Según los egipcios, esta gema era un antídoto contra las cataratas, mientras que Aristóteles la consideró un amuleto preventivo contra las víboras, por creer el famoso filósofo griego, que la proximidad de la turquesa desactivaba el veneno.
En amplias zonas geográficas se considera un efectivo amuleto contra el mal de ojo y otras desgracias. Antiguamente la turquesa era el talismán de los marineros, a los que preservaba de tempestades y naufragios. En otras partes del globo, ha sido utilizada para prevenir caídas de los caballos desbocados, así como otros daños que pueda producir el animal. En algunos lugares, se considera a la turquesa, como guardián de la virginidad de las jóvenes, y por ello recibió el apelativo de piedra de las doncellas.

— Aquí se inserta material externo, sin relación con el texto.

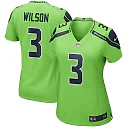Zennovawear Russell Wilson 3 Seattle Seahawks Women Alternate Game Jersey - Neon Green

No en balde es una de las gemas fundacionales de la Ciudad Sagrada, según la Biblia, formaba parte del pectoral del primer sumo sacerdote de los judíos y fue explotado el primero de sus yacimientos, por Isaac, después de que Dios le salvase del puñal sacrificial de su padre Abraham.
Y es que, esta piedra es el amuleto más antiguo de la humanidad. Cuatro brazaletes de turquesas, engarzadas en oro, son las joyas mágicas más antiguas que se conocen.
Por regalar a la vista el color del cielo azul de primavera, esta gema fue relacionada en muy diversas culturas con la morada de los dioses. En el cristianismo, fue consagrada a San Jorge, el caballero celestial, y por esa misma razón, la tomaron como talismán los caballeros de Oriente.
Signo del Zodíaco. Fundamentalmente, se relaciona con los nacidos bajo el signo de Sagitario, aunque también con los Capricornio y Virgo.
Correspondencias planetarias y metálicas: Júpiter y cinc; Mercurio, planeta y metal; además de Venus y cobre. Ángel relacionado: Verchiel. Hora más propicia: Cinco de la mañana. Chacras afines: Primero, cuarto y séptimo, de las áreas de los genitales, del corazón y de lo alto de la cabeza. Caballo del Sol
En las antiguas culturas prehispánicas de América, la turquesa se relacionó con el fuego. Por ello, una máscara azteca cuajada de turquesas, que se conserva en el Museo Británico, representa a Xiuhtecuhtli, el dios del fuego: En algunos textos se dice que el astro diurno expulsa del cielo a la Luna y a las estrellas ?con sus armas de turquesa?. El folclore de los indios conserva todavía viejas canciones que hablan del caballo de turquesa sobre el que cabalga el Sol con una serpiente de esta gema, como arma.
El sexo de la piedra El género femenino atribuido a esta piedra es debido a que en un principio se denominaba "piedra turquesa", mientras que hoy la primera parte de la locución se sobreentiende. Se llamaba así en honor de Turquía, sin tener este país un solo yacimiento, dado que era el mayor mercado de turquesas, por encontrarse en el estratégico lugar llamado "camino de la seda?.
Anillos fecundos En la vieja Rusia era costumbre regalar un anillo con una turquesa a los recién desposados para que ningún hechizo pudiera frustrar su primer acto sexual, sobre todo la temida ligadura de la agujeta, que inhibía los deseos del varón. Después de propiciar el principal cometido de la noche nupcial, la piedra se encargaba de asegurar una sana y abundante descendencia.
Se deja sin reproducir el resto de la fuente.